Asked by NBC News’ Gabe Gutierrez how Israeli tanks appearing to near central Gaza did not represent a full-scale ground operation, Kirby said Israeli officials had maintained that their tanks were moving along the Philadelphi Corridor, a key strategic strip of land running along the Egypt-Gaza border, and “not in the town proper.”

“That’s what the Israelis have said,” Kirby responded. “We’re going based on what the Israelis are telling us and what they’re saying publicly and what we’re able to discern, as best we can.”

Reporters grilled the White House at a briefing on Tuesday.Chip Somodevilla / Getty Images

Kirby’s comments came just days after an Israeli airstrike sparked a fire that tore through a tent camp in Rafah’s Tal al-Sultan neighborhood, killing at least 45 people including children according to local health officials.

The attack has added to growing international pressure after the United Nations’ top court ordered Israel to halt its offensive in Rafah. The United Nations Security Council could vote as early as Wednesday on a draft resolution circulated by Algeria ordering Israel to immediately stop its offensive and demanding a cease-fire in Gaza, according to the Associated Press news agency.

Israel submitted a new cease-fire proposal to Qatari, Egyptian, and American mediators on Monday, an Israeli official told NBC News. The proposal offered a “sustainable calm” but not a complete end to the war as demanded by Hamas.

Basem Naim, a senior Hamas official, told NBC News on Tuesday that Hamas had not received any proposal from the mediators.

In a briefing Tuesday, Israel Defense Forces spokesman Rear Adm. Daniel Hagari said Israel was still investigating the strike, including what caused the fire that he said “resulted in this tragic loss of life.”

Hagari said the IDF fired two 17-kilogram (37.5-pound) munitions targeting two senior Hamas militants, but he said somehow a fire was ignited, adding that the blaze was “unexpected and unintended.”

He suggested the possibility that weapons stored in the area targeted might have ignited the fire, but said that was an “assumption” at this point. An Israeli official and U.S. official separately told NBC News it was possible a fuel tank was struck, igniting the blaze.

The images from the strike have piled pressure on the U.S. to act.

Asked during Tuesday’s White House briefing how many “charred corpses” Biden needed to see before changing policy, Kirby said he took “offense” to the question, saying: “We don’t want to see a single more innocent life taken.”

The U.S. had also warned Israel against launching a full-scale ground invasion of Gaza early in the war, after Israeli Prime Minister Benjamin Netanyahu publicly announced plans to do so.

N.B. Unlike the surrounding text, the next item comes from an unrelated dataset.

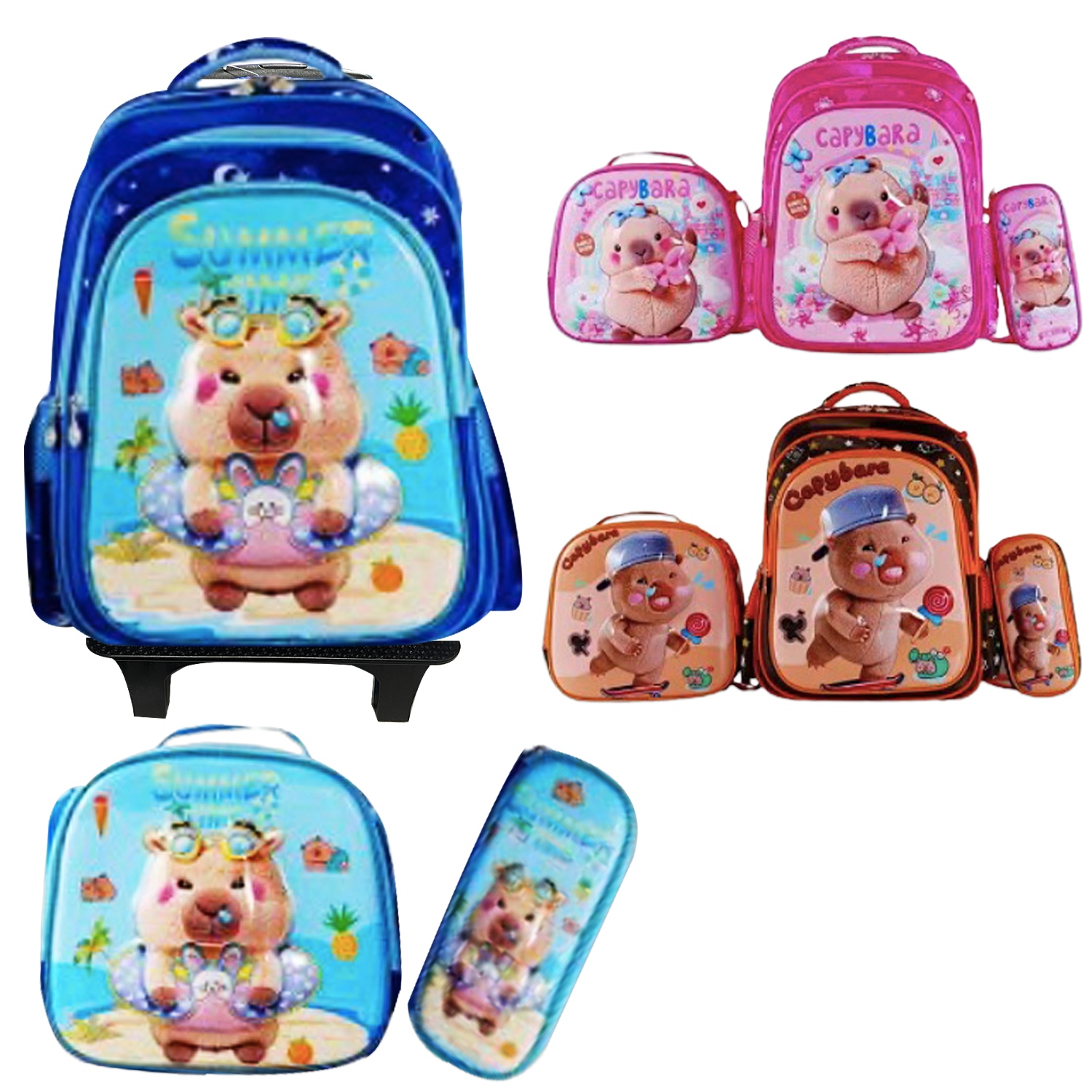 SET BOLSO CON RUEDAS CAPIBARA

But after months of publicizing plans for a full-scale invasion, Israeli ground troops quietly entered the Gaza Strip with little fanfare in late October, in a move that appeared to avoid drawing American ire. The IDF’s entry into Gaza marked the beginning of a monthslong ground offensive, however, in which more than 36,000 people have been killed, according to the Gaza Health Ministry.

Israel launched the offensive following Hamas’ Oct. 7 attacks, in which around 1,200 people were killed and some 250 others taken hostage, according to Israeli officials. Some 125 people are believed to remain held in Gaza, with at least around a third believed to be dead.

Biden’s warning over the U.S. “red line” is reminiscent of former President Barack Obama’s own use of the phrase in August 2012, when he issued a warning over the use of chemical weapons in the Syrian civil war.

Critics accused Obama of allowing that boundary to be crossed without action from the U.S., with political opponent John McCain saying the Obama administration’s red line appeared to be “written in disappearing ink.”